Гюллю любила мать. Любила и жалела ее. Всякий раз, когда в доме вспыхивала ссора, Гюллю вставала на сторону матери. За это она получала пощечины, выслушивала угрозы и грязную брань старшего брата.
Брат… Как это получается, что из общего любимца вырастает горе семьи? Ведь в детстве Хамза был ее лучшим другом. Он защищал ее от задиристых ребят квартала, делился с ней всем, что имел. В пасмурные зимние дни, когда улочка превращалась в месиво и играть было негде, они ходили к реке за дровами. Обезумевшая река, пенясь, билась о берега и выбрасывала целые деревья, доски, щепки. Гюллю и Хамза собирали все, что могли унести, и волоком тащили домой. Если попадалось тяжелое бревно, Хамза взваливал его себе на спину и, согнувшись в три погибели, пыхтя и обливаясь потом, тащил один.
Дома Гюллю бросалась брату на шею и осыпала поцелуями его красное и упрямое лицо. Однажды он у самого дома поскользнулся с бревном, упал и в кровь ободрал колени и ладони. Гюллю весь остаток дня проплакала…

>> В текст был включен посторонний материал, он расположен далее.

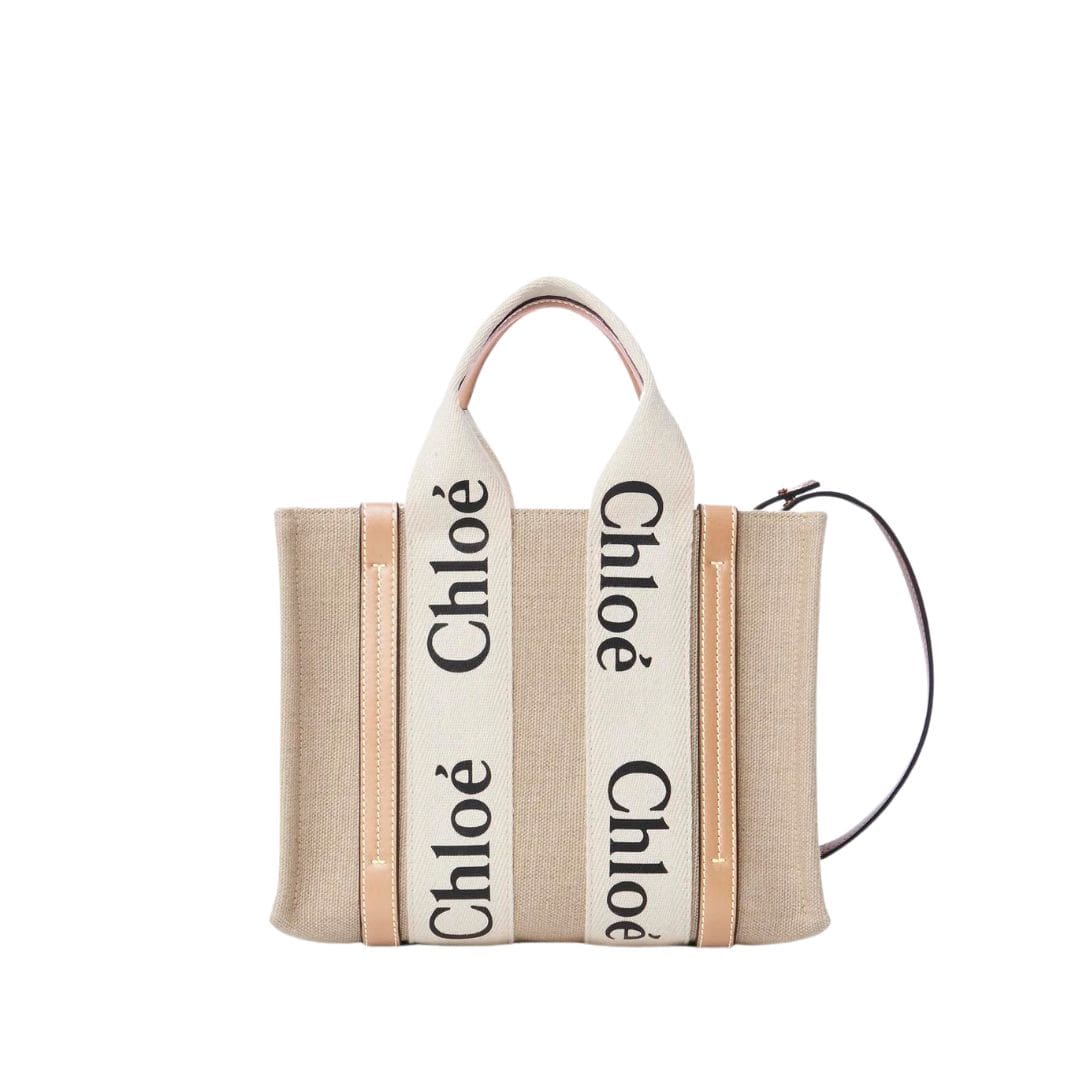 CHLOE SMALL WOODY TOTE BAG WHITE AND BEIGE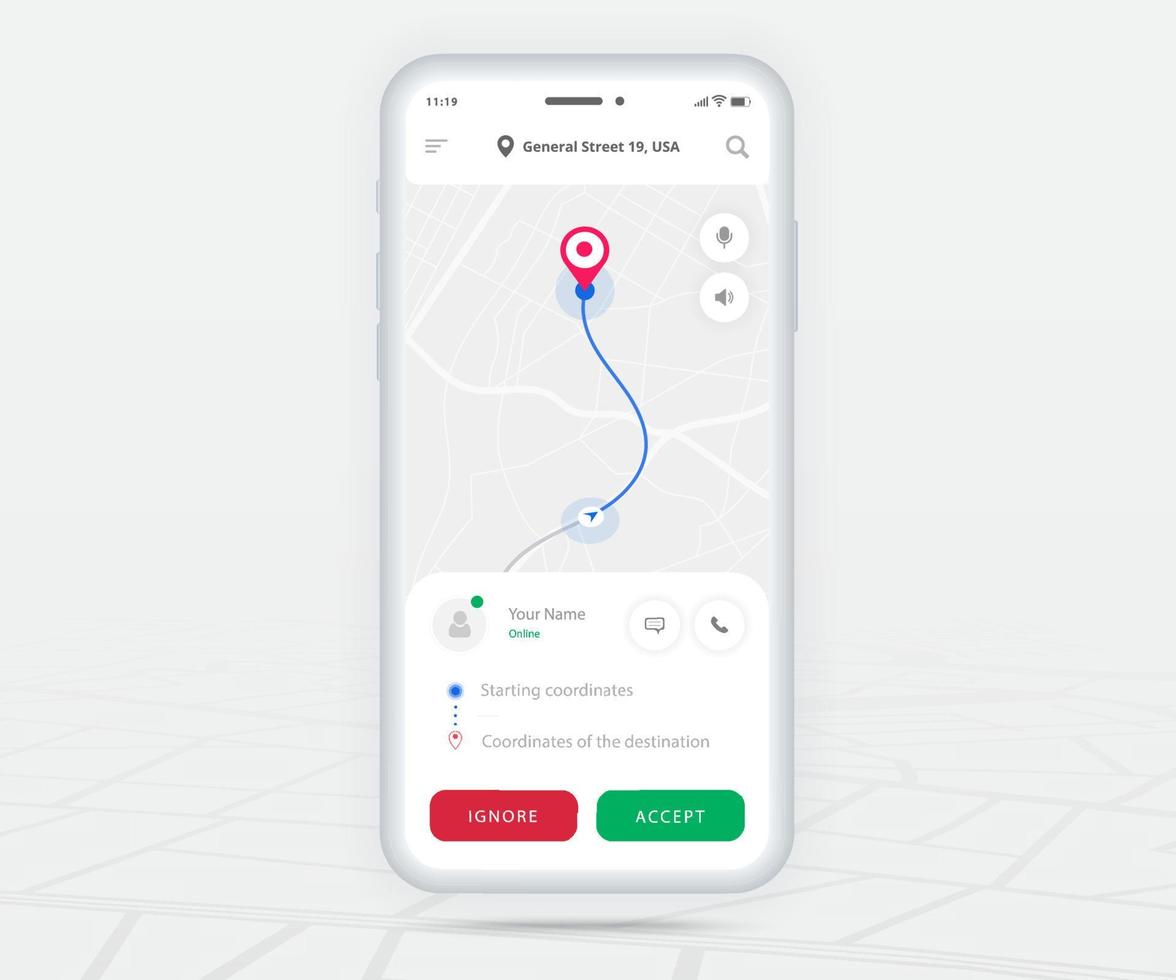 Map GPS Navigation Ux Ui Concept Smartphone Map Application And map-gps-navigation-ux-ui-concept-smartphone-map-application-and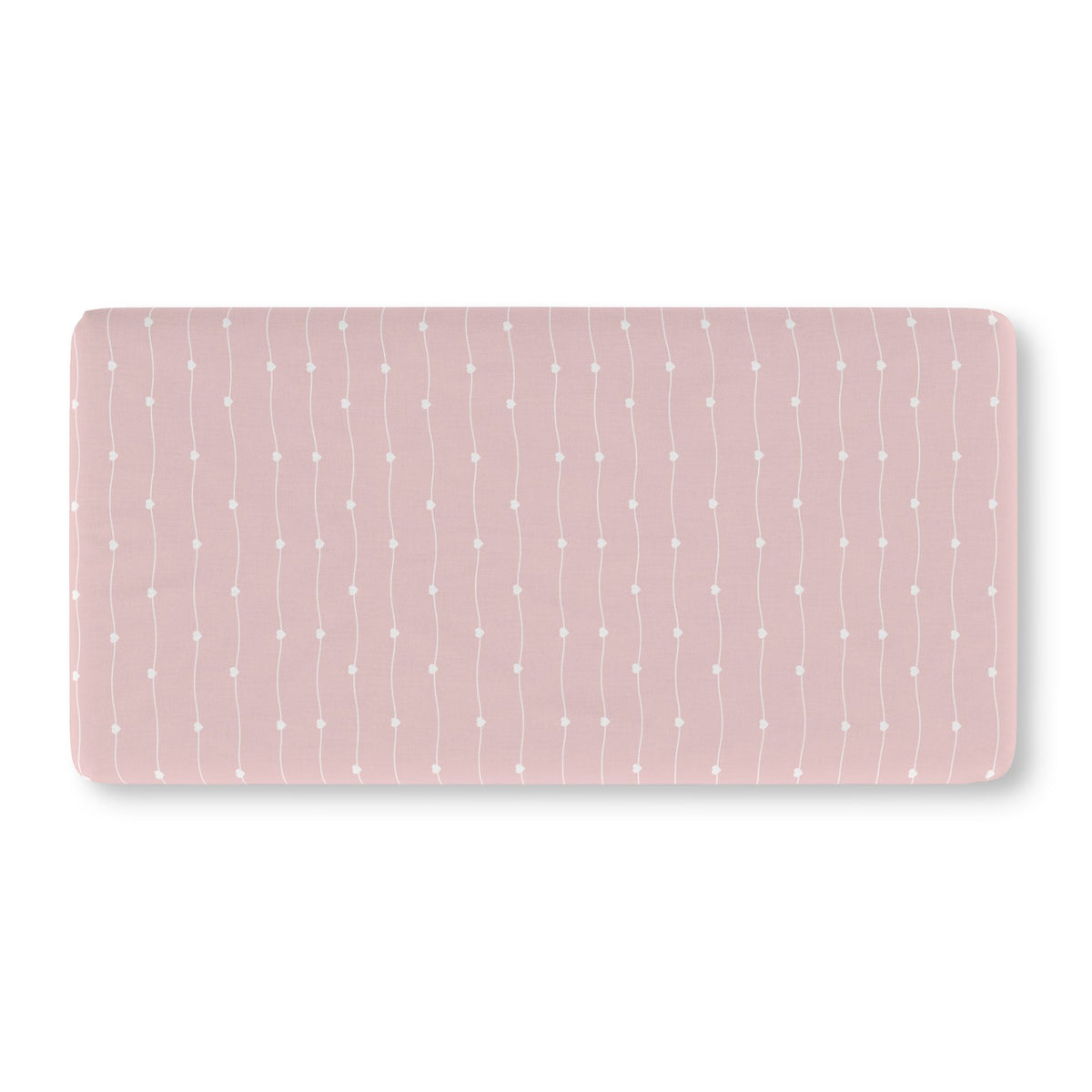 Pink Heart Stripe Crib Sheet laid flat in Standard size with wavy white lines and tiny hearts on dusty pink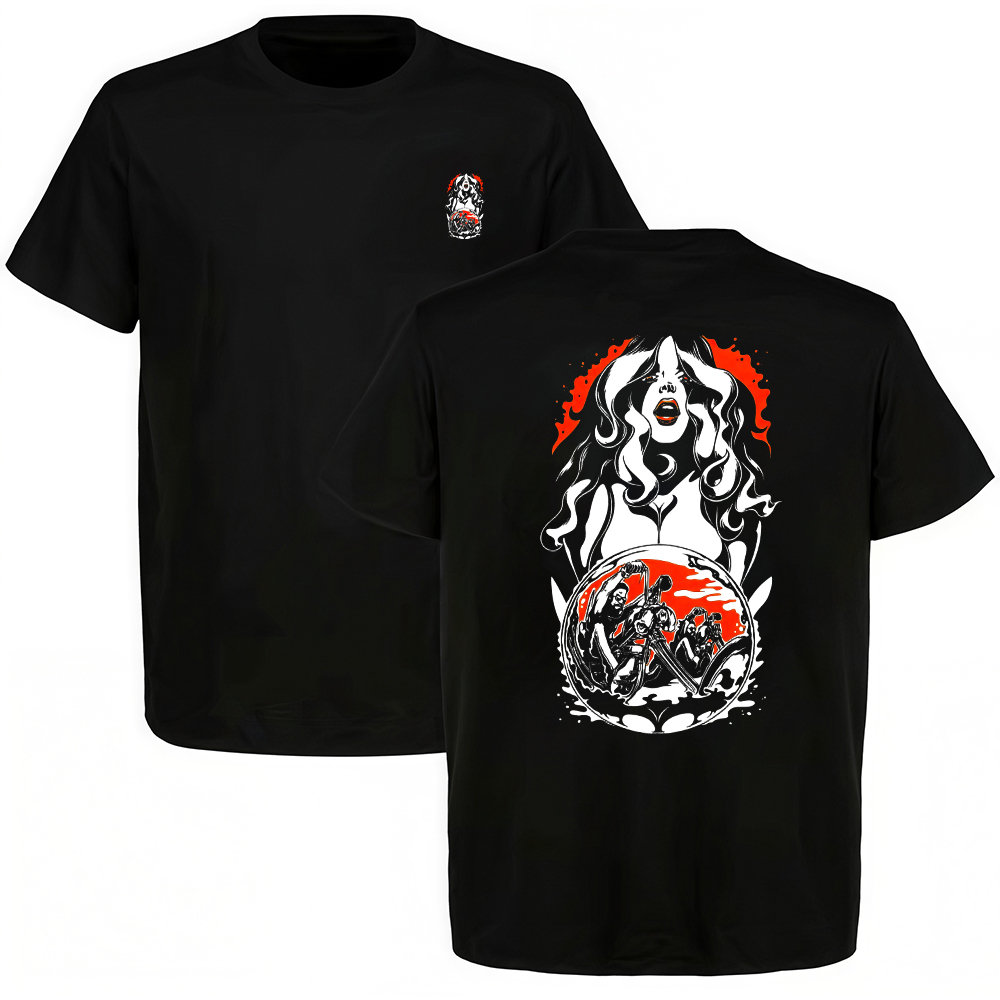 Red And White Biker Woman Printed Men's T-shirt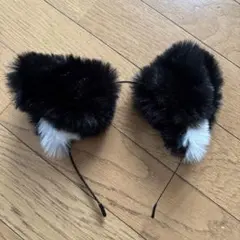 猫耳型　ファーカチューシャ　黒＆白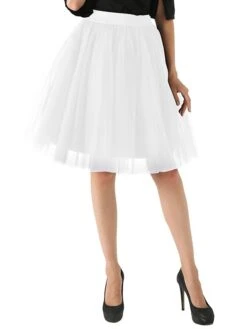 Women's Skirt Swing Tutu Knee-length Organza Black White Pink Wine Skirts Summer Pleated Layered Tulle Lined Active Streetwear Carnival Costumes Ladies Christmas Holiday M L XL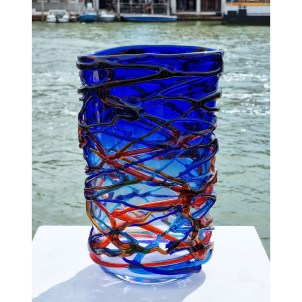 Harlequin Vase - Blue - Original Murano Glass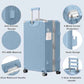 Luggage Sets 2 Piece Aluminum Frame Carry On and Checked Suitcase PC ABS Hard Shell TSA Lock No Zipper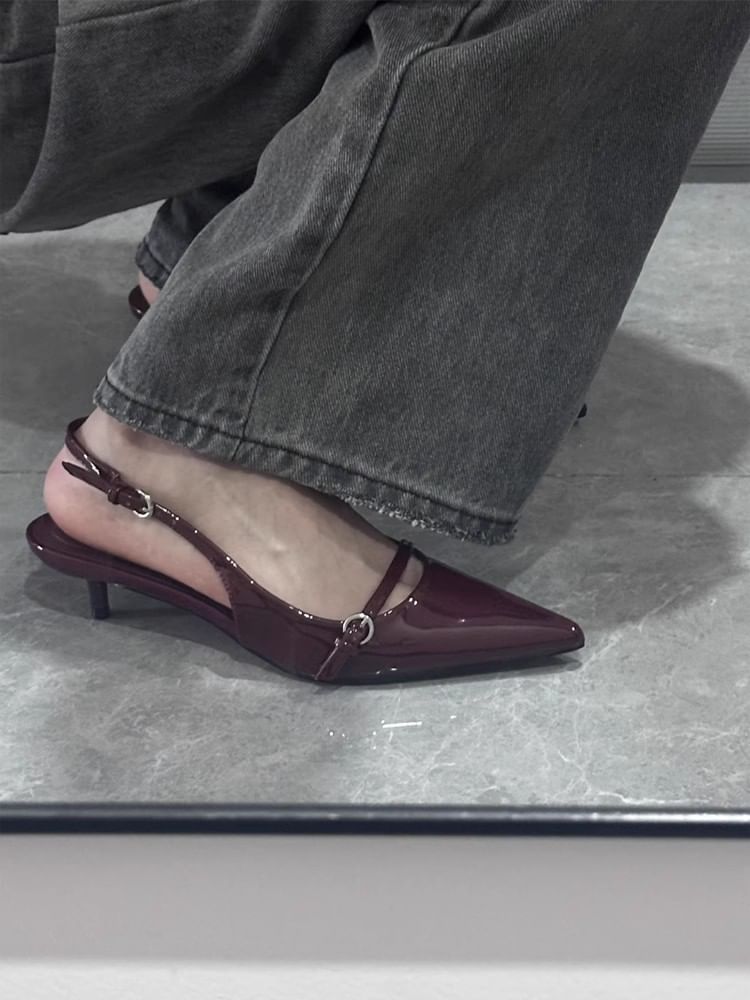 Low Heel Buckle Stiletto Pumps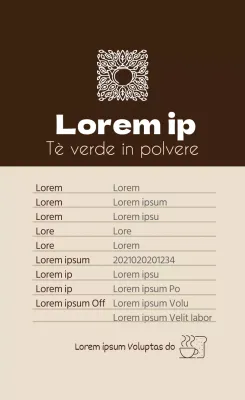 Etichetta di dettaglio del tè nero in polvere con logo marrone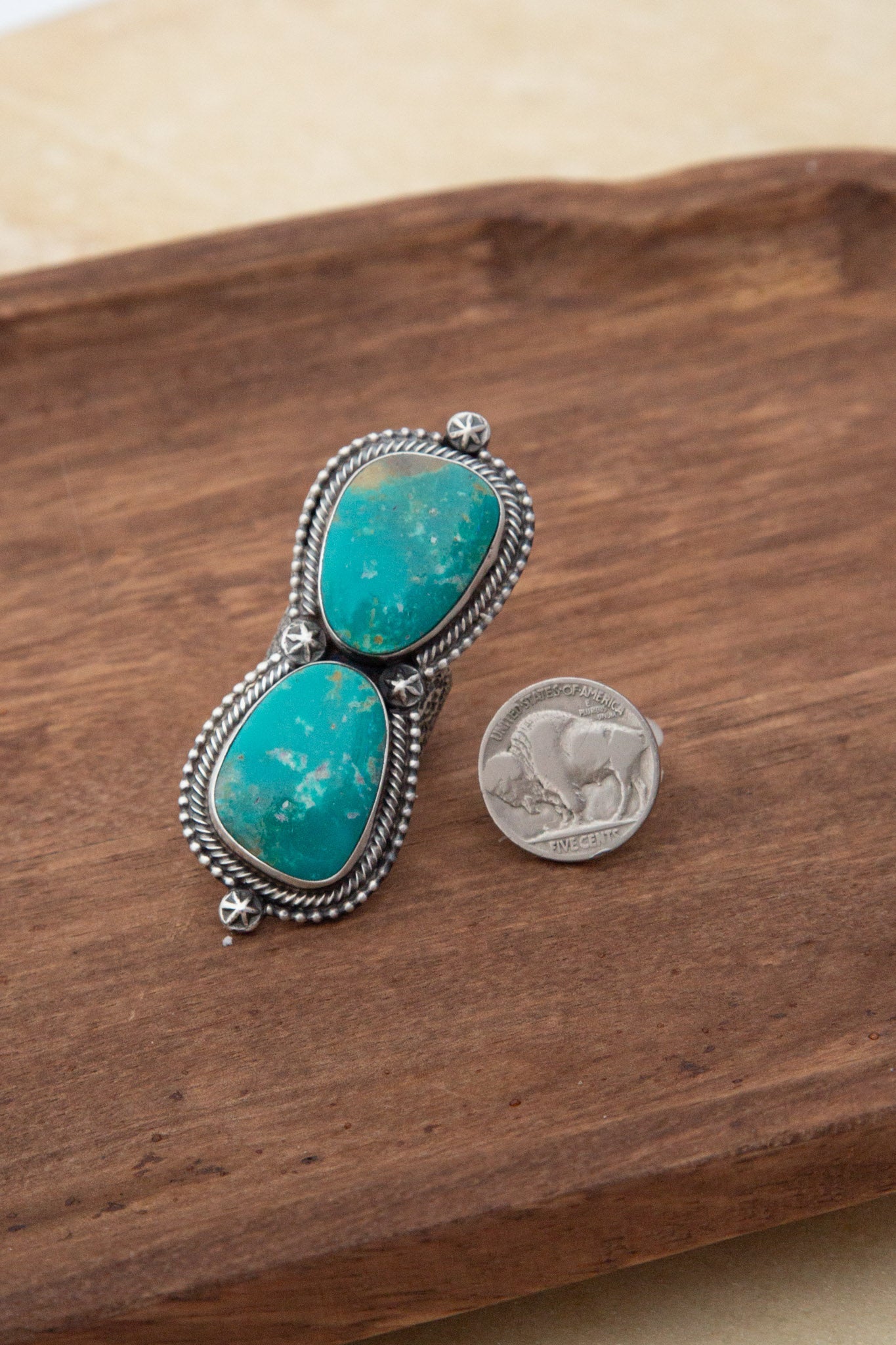 The Fenton Double Stone Ring 1, Sz 9-Rings-Calli Co., Turquoise and Silver Jewelry, Native American Handmade, Zuni Tribe, Navajo Tribe, Brock Texas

И только что она уверяла себя, что, пусть его четвертуют — она слезинки не прольет?! Нет, неправда! Гюллю вдруг стало жаль брата, обидно за его несуразную жизнь. Она взглянула на мать: сгорбилась, пригорюнилась, сникла… Это в ее-то годы! У Гюллю сжалось сердце. Она бросилась на шею к матери.
— Доченька моя, Гюллю, — прошептала мать и, не выдержав, разрыдалась.
Гюллю уже давно не видела мать плачущей. И почему она с такой болью сказала: «Доченька моя»? Может быть, она знает что-то страшное? Ведь ей известно, что Гюллю любит Кемаля и ни за что на свете не пойдет замуж за другого. И плачет она, должно быть, потому, что ей больно за Гюллю, но она не смеет возразить мужу…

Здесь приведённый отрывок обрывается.